• Required work
Set down a true copy of the data, with all pictures left out.

• Web page caption snippets
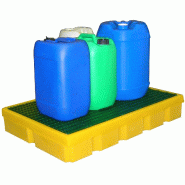 Cuvette de rétention PE - 100 l - Long. 990 mm - sans pied - Jaune avec caillebotis vert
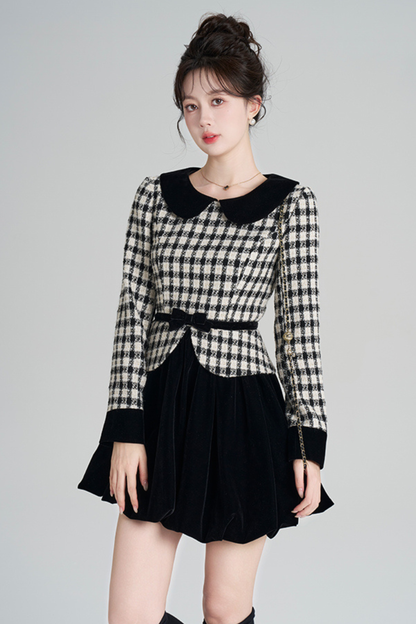 Velvet Monochrome Plaid Dress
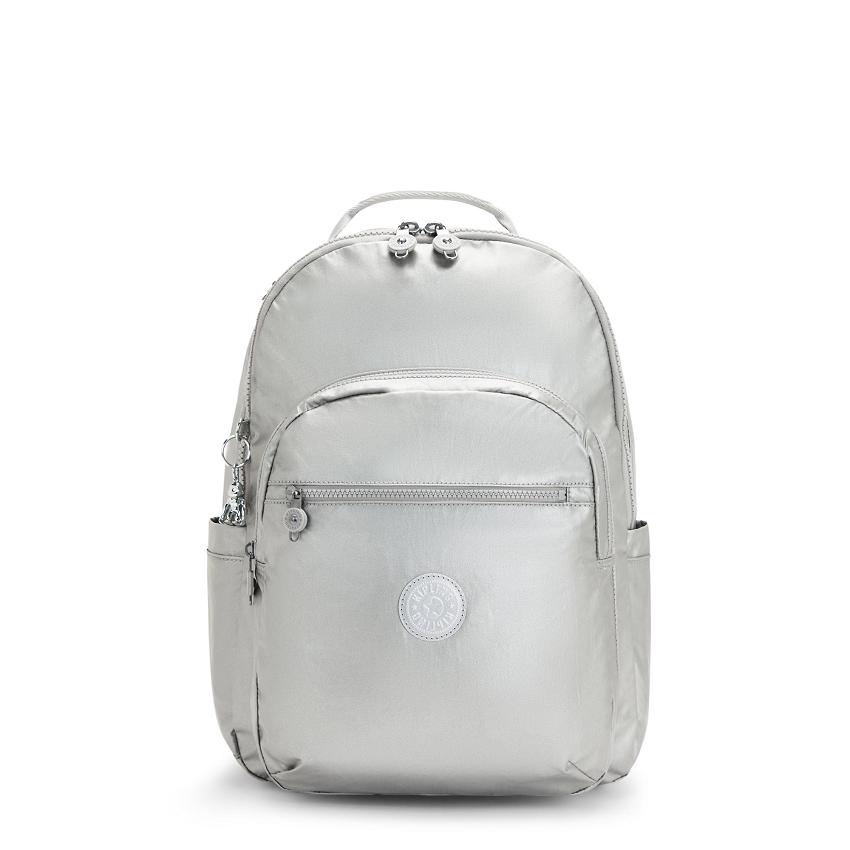 Kipling Seoul Large Laptop Backpacks Silver | UKKi1330Q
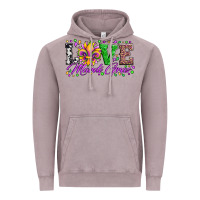 Vintage Zinc love mardi gras fleur de lis sunflower leopard and beads Vintage Hoodie - Artiststas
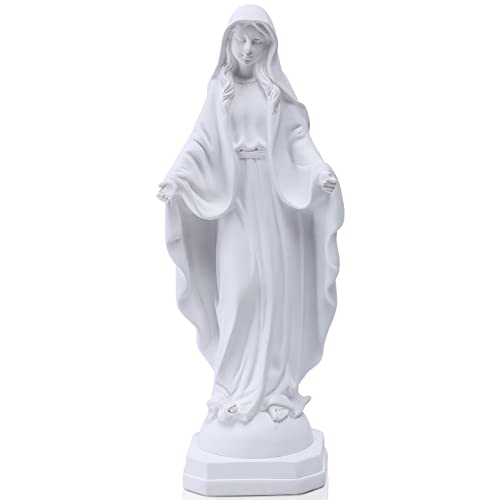 QIANLING Statue de la Vierge Marie de 30.5 cm Jardin extérieur imperméable à l'eau Solaire Statue de Jardin Religieuse Madonna de Marie pour la décoration de...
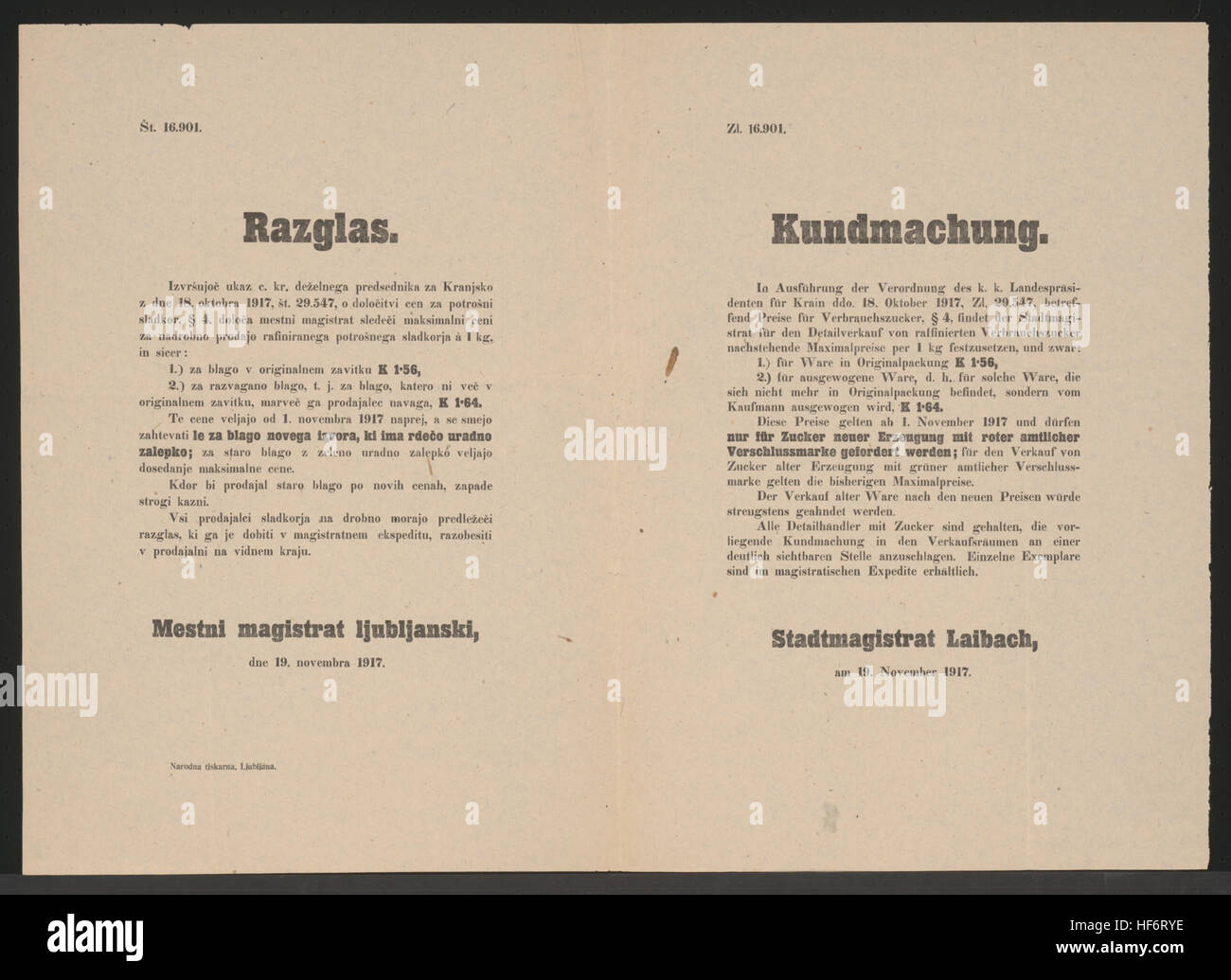 Maximalpreise für raffinierten Verbrauchszucker neuer Erzeugung mit roter Verschlußmarke - Stadtmagistrat Laibach, am 19. Novembre 1917 - Zl. 16.901 Raffinierter Verbrauchszucker - Kundmachung - Laibach - Mehrsprachiges Plakat 1917 Foto Stock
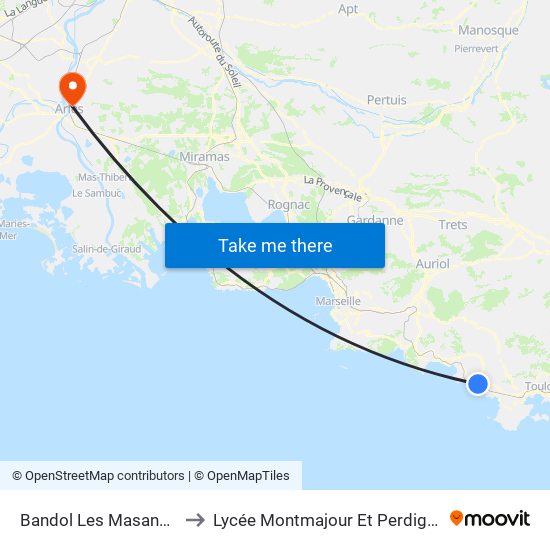 Bandol Les Masanges to Lycée Montmajour Et Perdiguier map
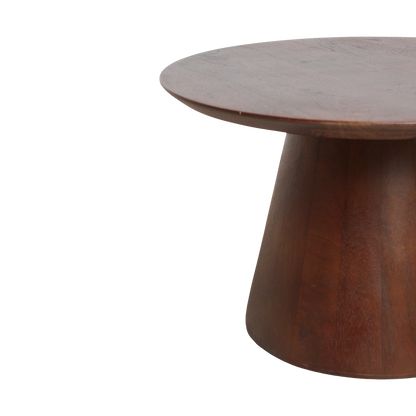 Mango Wood Side Table - Modern Cone Accent Table - 55cm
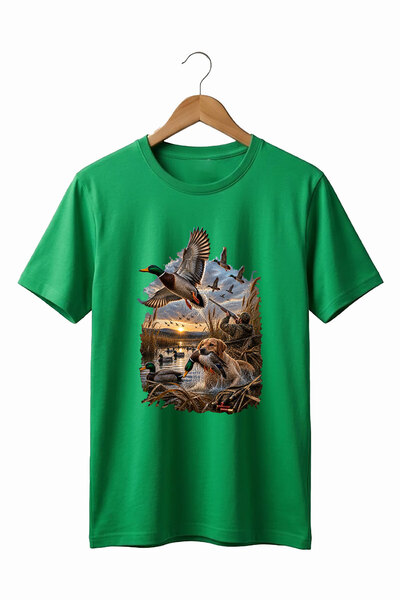 The Baski Hunting Hunting Duck Hunting Printed Hunter and His Dog Reeds 100% ...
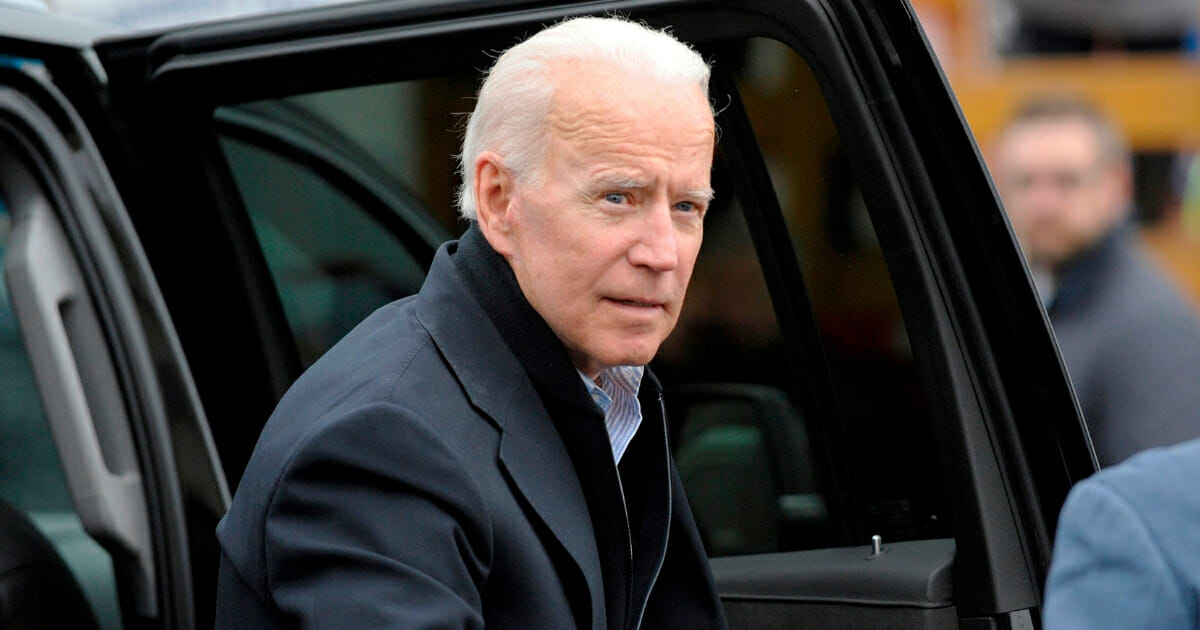 Former U.S. Vice President Joe Biden arrives at a rally organized by UFCW Union members to support Stop and Shop employees on strike throughout the region at the Stop and Shop in Dorchester, Massachusetts, on April 18, 2019.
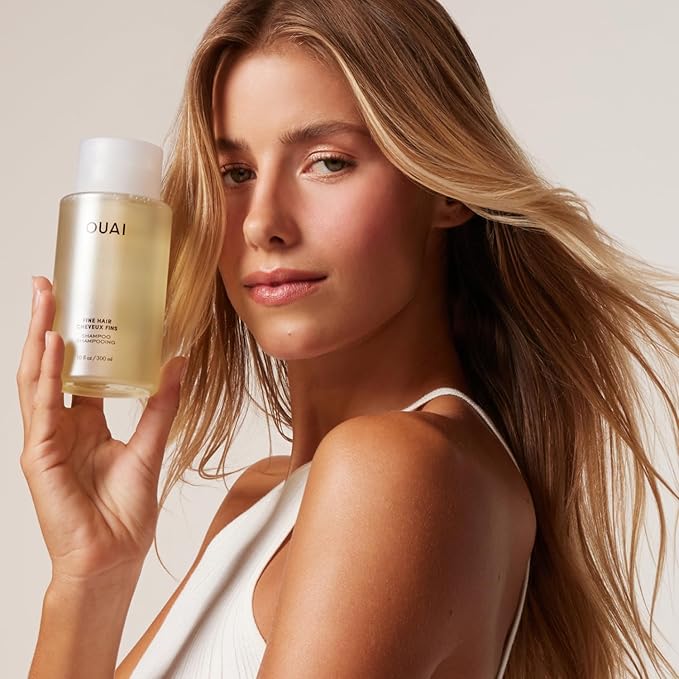 OUAI Fine Hair Shampoo - Travel Size Biotin Thickening Shampoo for Flat, Thin Hair - Volumizing & Strengthening Keratin & Chia Seed Oil for Women & Men - Lightweight, Color-Safe, Sulfate Free, 3 Oz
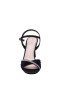 Women Nina Shoes Prom | Agnes Black Satin With Crystals Mid-heel Sandals With Ankle-strap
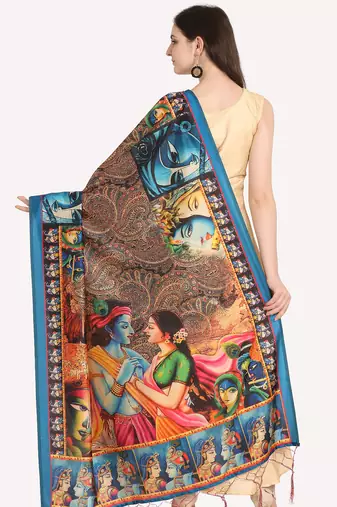 Digital print assam silk dupatta for women and girls to wear on gown chaniya choli kurti etc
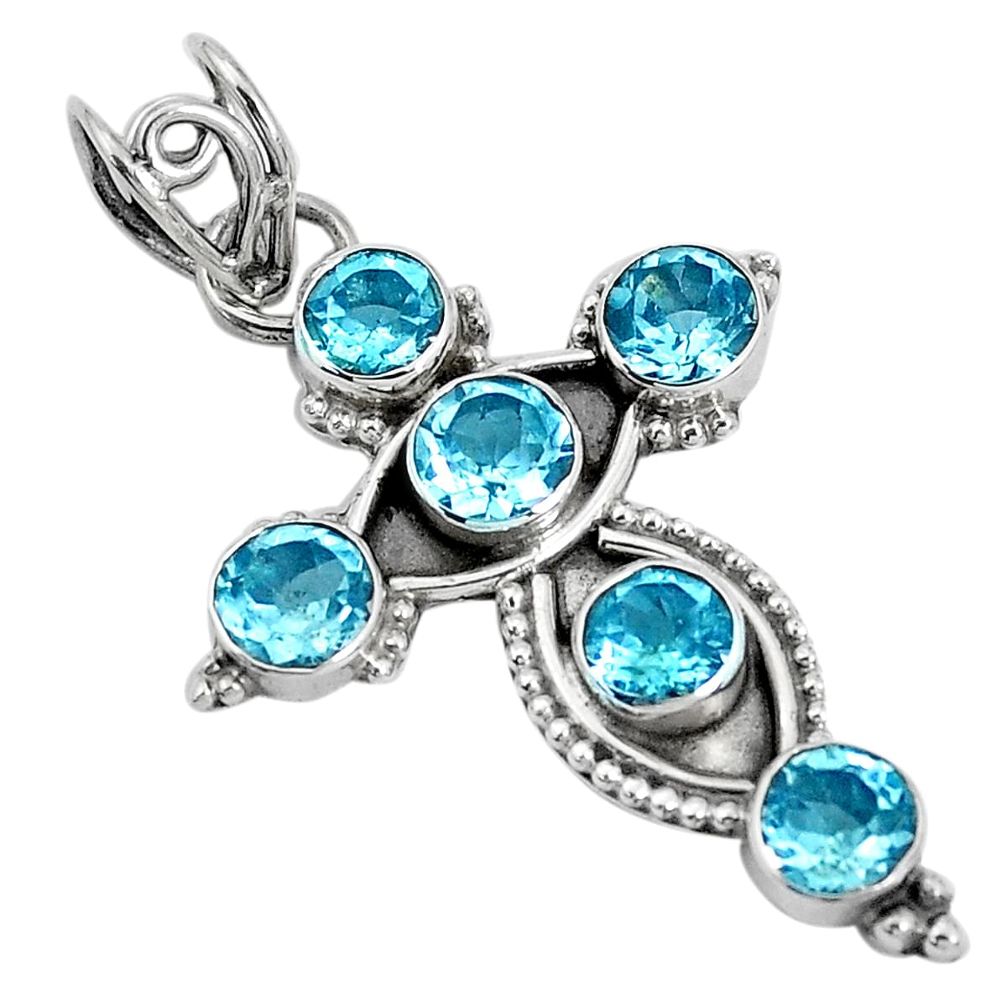 925 sterling silver 5.23cts natural blue topaz holy cross pendant jewelry p30784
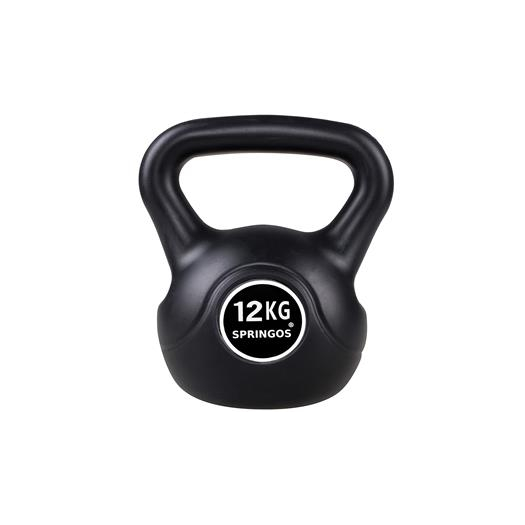 Füles súlyzó - Kettlebell, műanyag, 12 kg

• Answer to this exercise
 Cuvette de rétention PE - 100 l - Long. 990 mm - sans pied - Jaune avec caillebotis vert
 Velvet Monochrome Plaid Dress
 Kipling Seoul Large Laptop Backpacks Silver | UKKi1330Q
 Vintage Zinc love mardi gras fleur de lis sunflower leopard and beads Vintage Hoodie - Artiststas
 QIANLING Statue de la Vierge Marie de 30.5 cm Jardin extérieur imperméable à l'eau Solaire Statue de Jardin Religieuse Madonna de Marie pour la décoration de...
 Maximalpreise für raffinierten Verbrauchszucker neuer Erzeugung mit roter Verschlußmarke - Stadtmagistrat Laibach, am 19. Novembre 1917 - Zl. 16.901 Raffinierter Verbrauchszucker - Kundmachung - Laibach - Mehrsprachiges Plakat 1917 Foto Stock
 Bandol Les Masanges to Lycée Montmajour Et Perdiguier map
 Mango Wood Side Table - Modern Cone Accent Table - 55cm
 The Baski Hunting Hunting Duck Hunting Printed Hunter and His Dog Reeds 100% ...
 Former U.S. Vice President Joe Biden arrives at a rally organized by UFCW Union members to support Stop and Shop employees on strike throughout the region at the Stop and Shop in Dorchester, Massachusetts, on April 18, 2019.
 OUAI Fine Hair Shampoo - Travel Size Biotin Thickening Shampoo for Flat, Thin Hair - Volumizing & Strengthening Keratin & Chia Seed Oil for Women & Men - Lightweight, Color-Safe, Sulfate Free, 3 Oz
 Women Nina Shoes Prom | Agnes Black Satin With Crystals Mid-heel Sandals With Ankle-strap
 Digital print assam silk dupatta for women and girls to wear on gown chaniya choli kurti etc
 925 sterling silver 5.23cts natural blue topaz holy cross pendant jewelry p30784
 Füles súlyzó - Kettlebell, műanyag, 12 kg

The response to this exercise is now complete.